> Dataset entries:
*** Begin section ***

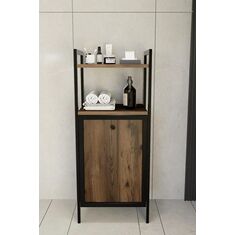 Stewehome Μεταλλικό Καλάθι Πλυντηρίου με Ράφι Μπάνιου 40x31.5x97 cm 346764 |  Στήλες Μπάνιου στο espiti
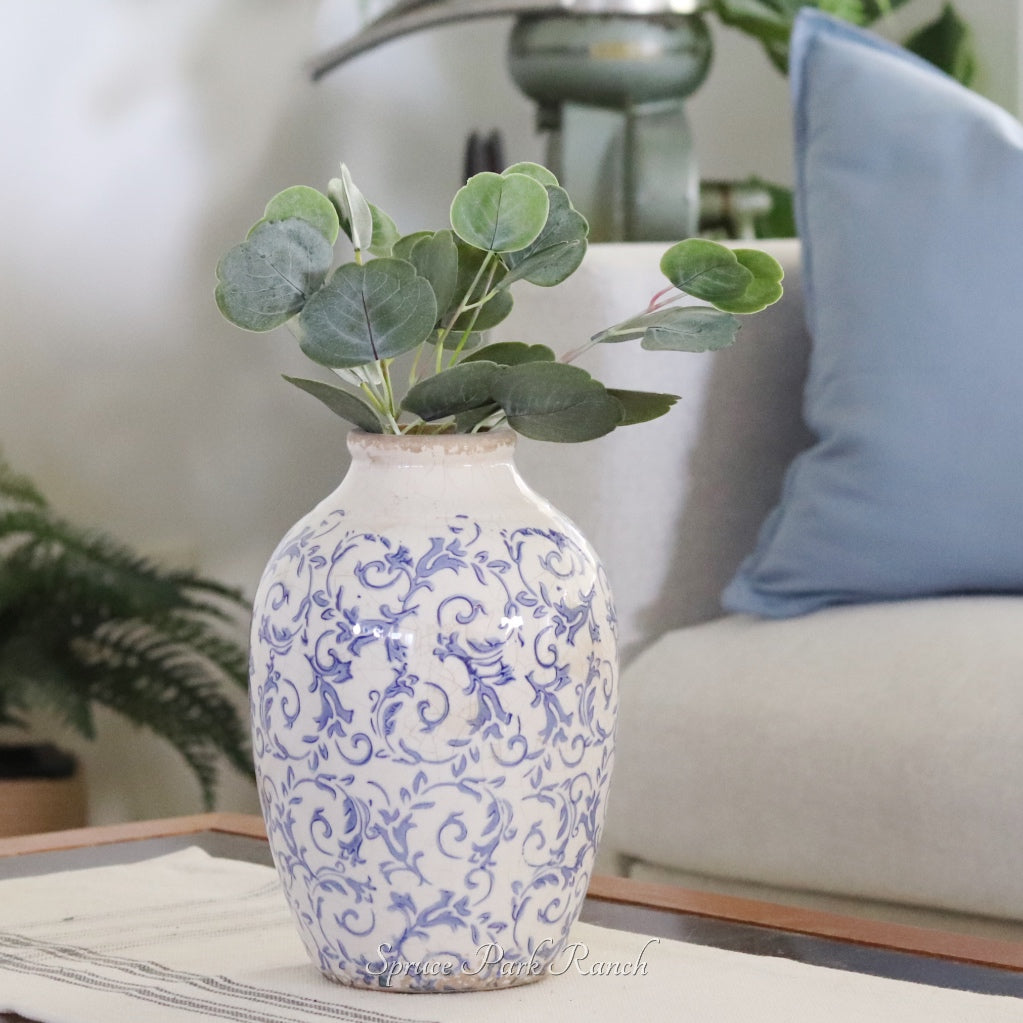 Vintage Blue and White Ceramic Vase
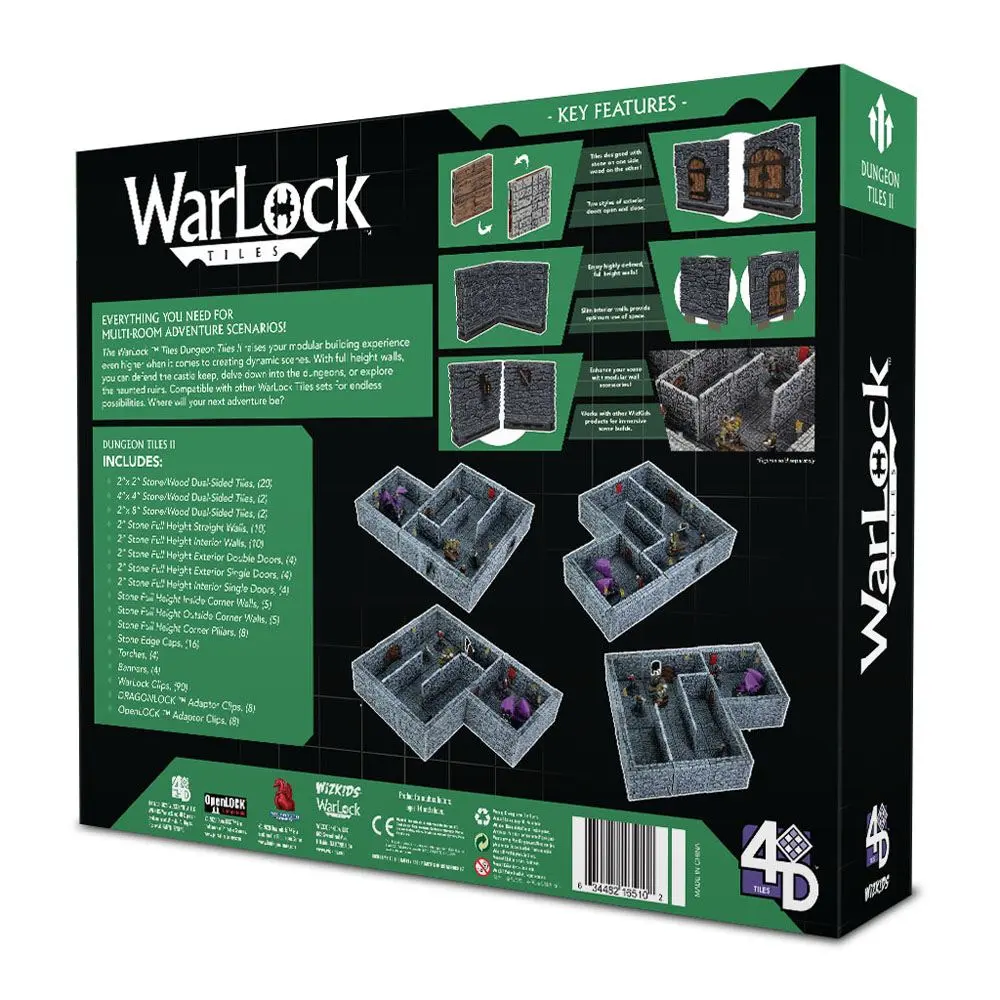 WarLock Tiles: Dungeon Tiles II - Full Height Stone Walls product photo
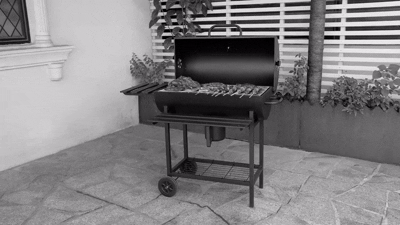 7en1 - Barbecue Extérieur à Charbon de Bois 2 niveaux Capacité XXL Jauge de température avec roue BNBR-3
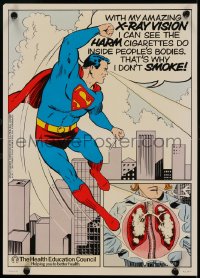 5r0180 SUPERMAN 12x17 special poster 1980 his X-ray vision sees the harm of cigarettes, rare!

*** End section ***

> Problem to solve:
Above are records with pictures; repeat the records exactly and leave the pictures out.

> Solved exercise:
 Stewehome Μεταλλικό Καλάθι Πλυντηρίου με Ράφι Μπάνιου 40x31.5x97 cm 346764 |  Στήλες Μπάνιου στο espiti
 Vintage Blue and White Ceramic Vase
 WarLock Tiles: Dungeon Tiles II - Full Height Stone Walls product photo
 7en1 - Barbecue Extérieur à Charbon de Bois 2 niveaux Capacité XXL Jauge de température avec roue BNBR-3
 5r0180 SUPERMAN 12x17 special poster 1980 his X-ray vision sees the harm of cigarettes, rare!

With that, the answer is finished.